The simple reason He gave a Torah to each tribe is that he hoped it would assure his remaining spiritually connected with his beloved people for posterity.

When Yehudah pleaded before Yosef to release Binyamin, he said, “Venafsho keshurah benafsho,” — “His soul is bound up with his soul” (Bereishit 44:30). The word “keshurah” (קשורה) — “bound” — has the numerical value of 611, which is the same numerical value as the word “Torah” (תורה). Yaakov taught Binyamin Torah and through the study of Torah, their souls became connected. Torah is the language that unifies Jews of past, present and future generations.

Regarding the thirteenth Torah which he instructed to be placed “at the side of the Ark” there is a dispute in the Gemara (Bava Batra 14a) as to its precise location. Some say it was placed on a board protruding from the Ark on the outside, and there are those who say that it was placed beside the Tablets against the interior wall of the Ark.

According to everyone, however, it was in the Kodesh HakadashimHoly of Holies section of the MishkanTabernacle — and Beit Hamikdash. This was an area where no one was permitted to enter except for the Kohen Gadol on Yom Kippur.

One might wonder: What is accomplished by putting a Torah in a place where no person could enter to see it? Moreover, if every tribe already had a sefer Torah, why then is this thirteenth necessary altogether?

The Ramban (Nachmanides) offers a beautiful explanation. The additional sefer Torah was to assure that no one would be able to add or subtract from the Divine text. Moshe was cognizant that a time might come when there would arise people, groups or tribes that would rebel and want to make changes and modifications to Torah. So to make sure that the text of Torah would remain sacrosanct, there was one Torah that human hands could not reach and that could not be falsified. This guaranteed that any changes to Torah would be recognized as fraudulent if they did not match the version of the Torah in the Holy of Holies.

There is a story of an American who took his son to London to show him the interesting sights of that historic city. During the tour, the father made sure to take him to the Parliament and point out the huge clock on the top of the building known as Big Ben. The child strained to get a full view of the clock, and so did the others who came to see it. “Daddy, I would like to ask you something,” said the boy. “Why did they put the clock so high and make people strain their necks to look up to it? Couldn’t they have made the clock level with the eyes so that everyone could see it easily, without trouble?” The father thought for a moment, and replied, “It is this way. If they had placed the clock low, people would adjust Big Ben to the time on their watches. Now that the clock is high, beyond the reach of all, they cannot push around the handles. If they want to have the correct time, they must set their own watches in accordance with the time shown by Big Ben.”

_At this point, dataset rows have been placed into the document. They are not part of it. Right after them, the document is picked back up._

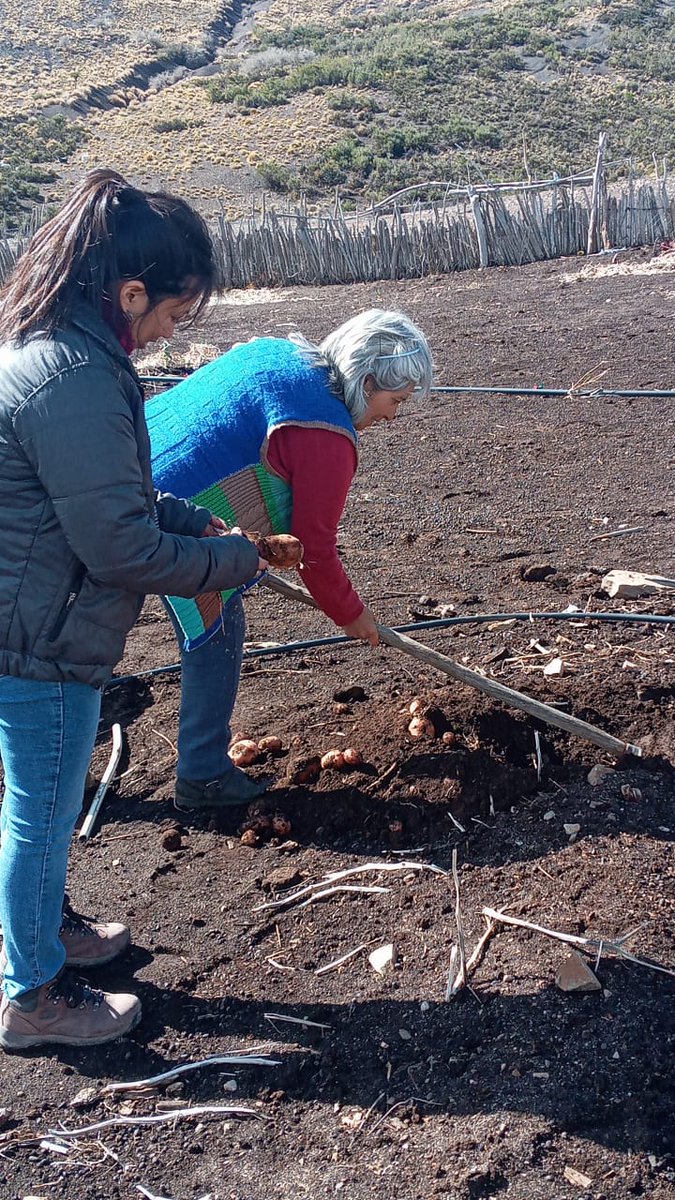 AmaliaSapag's tweet photo. Trabajamos para ampliar la cantidad de familias alcanzadas x la Ley d calidad frutihorticola. El equipo d @SPnqn recorrio Cajón de Almaza y la cuenca del Curi leuvu explicando los beneficios d ser parte de las Buenas prácticas hortícolas. @FLR_NQN https://t.co/e3N6s0KyNM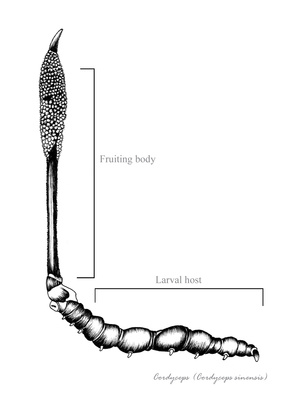 Cordyceps sinensis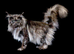 GCCF Reg Maine coon kittens, sire is Champion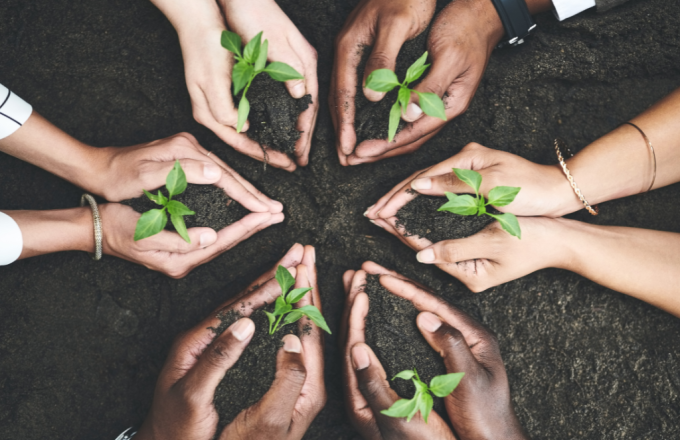 Partners that help in Our Green Journey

The Torah Moshe gave each tribe is a time piece. Each Jew must live and adjust his time to Torah time. The thirteenth Torah is the Big Ben: it prevents the possibility of anyone altering the Torah his family and tribe were given.

My dear Chatan and Kallah, I hope you will always live according to Torah time. Torah time is the correct time. By doing so the “Master time keeper” — Hashem — will make all the time of your marriage enjoyable and blissful.